У меня участилось дыхание. Я наклонилась, взяла щипцами уголек и при тусклом свете стала вглядываться в бумагу. На ней что-то было написано. Мазки толстые и неровные, но рука, вне всякого сомнения, была женская, хотя писавшая старалась изобразить детский почерк.
Там было всего две строчки:
Твое сердце окутано мраком,
Поэтому образ Дьявола должен быть тебе понятен.
Первый месяц
Сегодня первый день Первого месяца. Мы стали на год старше, Канецуке и я.
Будет ли он сегодня ночью смотреть на небо и искать в созвездии Большой Медведицы новую звезду-покровительницу? Будет ли раскланиваться на все четыре стороны света и искать на западе знак Рая?
Он находится на запад от меня, в обители рая, который я не могу разыскать. Он надел свои весенние красно-зеленые одежды, но я лишена возможности почувствовать их мягкость. Возможно, кому-то другому это доступно. Но я не должна начинать новый год с ревнивых мыслей. Это было бы дурным предзнаменованием.
Стану ли я писать ему, чтобы сказать: «Сегодня Новый год. Пришли мне письмо — нет, пришли мне два письма, и пусть они будут длинными и содержательными, ведь наступила весна, и дни стали длиннее».
Стану ли я молить его не проявлять свою власть надо мной? Скажу ли я: «Сейчас Новый год, и нельзя говорить слов, которые могут явиться недобрым предзнаменованием. Не причиняй мне боли гневными речами».
Могу ли я предположить, что нет ничего хуже его молчания? Напишу ли я: «Календарь пуст. Заполни его праздниками, танцами, успехами, состязаниями, пирами».
Как соблазнительно написать такое письмо. Думаю, что сделаю это.

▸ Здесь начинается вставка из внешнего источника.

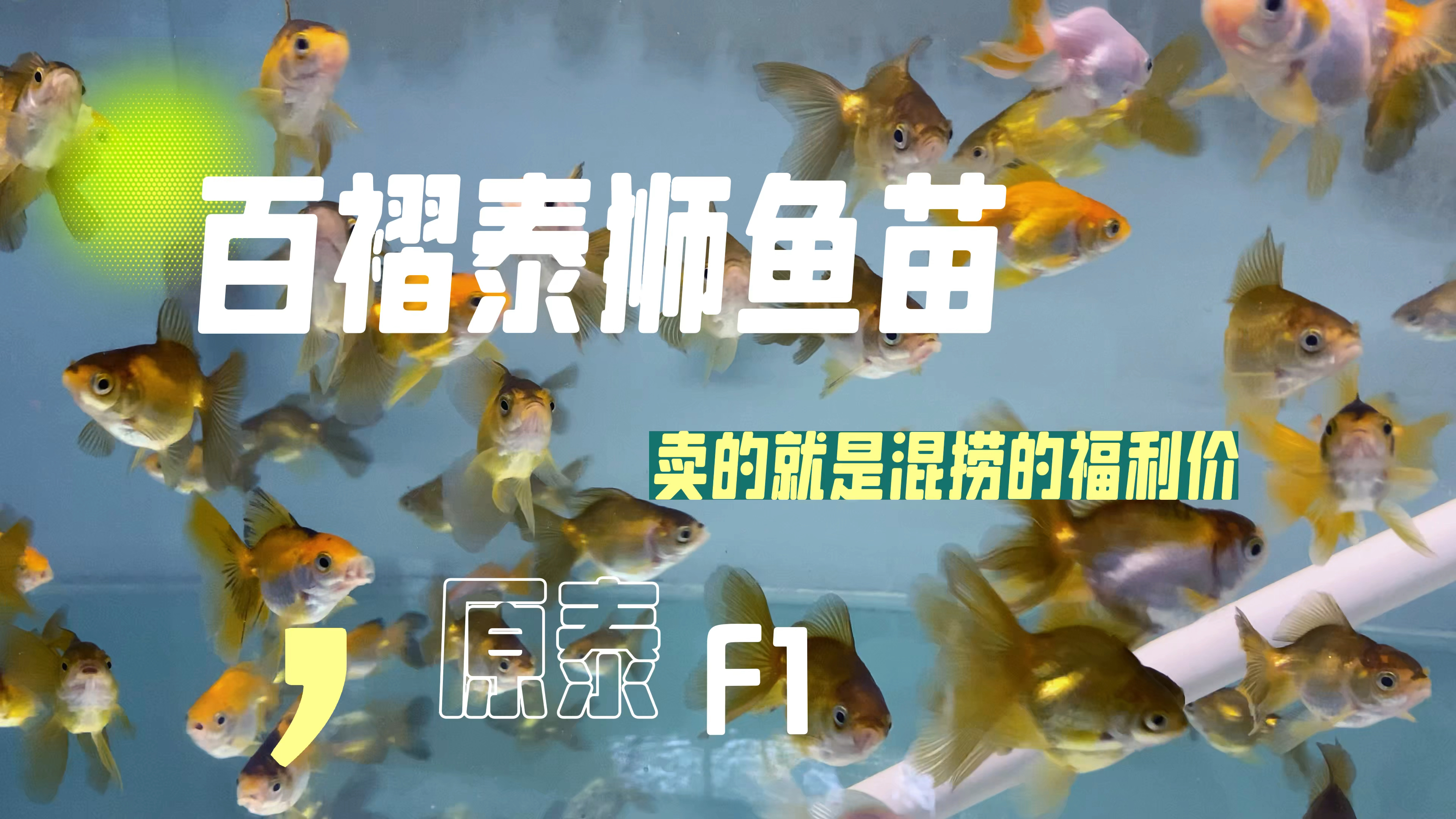 百褶泰狮的鱼苗,原泰F1的品质。咱做的就是混捞的福利价不挑鱼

Первый день Крысы. Сначала шел небольшой снег, теперь небо чистое. Я встала рано, чтобы принять участие в поездке за город для сбора весенних трав. Собралось шестнадцать экипажей, зеленая остроконечная крыша императорской повозки качалась впереди нас, будто сотрясаемая извержением вулкана гора. Воздух был холодным и свежим, снег приятно хрустел под колесами экипажей. Бузен и я сидели рядом, и, когда в очередной раз колеса повозки попали в выбоину, нас так стукнуло друг об друга, что из наших причесок выпали гребни.
Мы остановились на берегу реки Капура, на склоне, поросшем вязами, ветви которых несли бремя своей белизны так же легко, как небо — бег облаков. Было тихо, даже река, течение вод которой было сковано холодом, приумолкла.
Мы с Бузен вышли из экипажа на мерзлую землю. Легкая дворцовая обувь не защищала от холода, и у нас замерзли ноги. Я прикрыла лицо веером — даже на лоне Природы следует оставаться скромной, — и мое теплое дыхание оседало на розовом шелке маленькими капельками влаги.
Мы разбрелись по склону холма, и наши яркие одежды расцветили его причудливым узором нежданной весны. Мы опустились на колени около вырванного с корнем дерева и разгребли снег. Сквозь черную землю пробивались бледные побеги папоротника-орляка. Я сорвала их и положила в корзинку.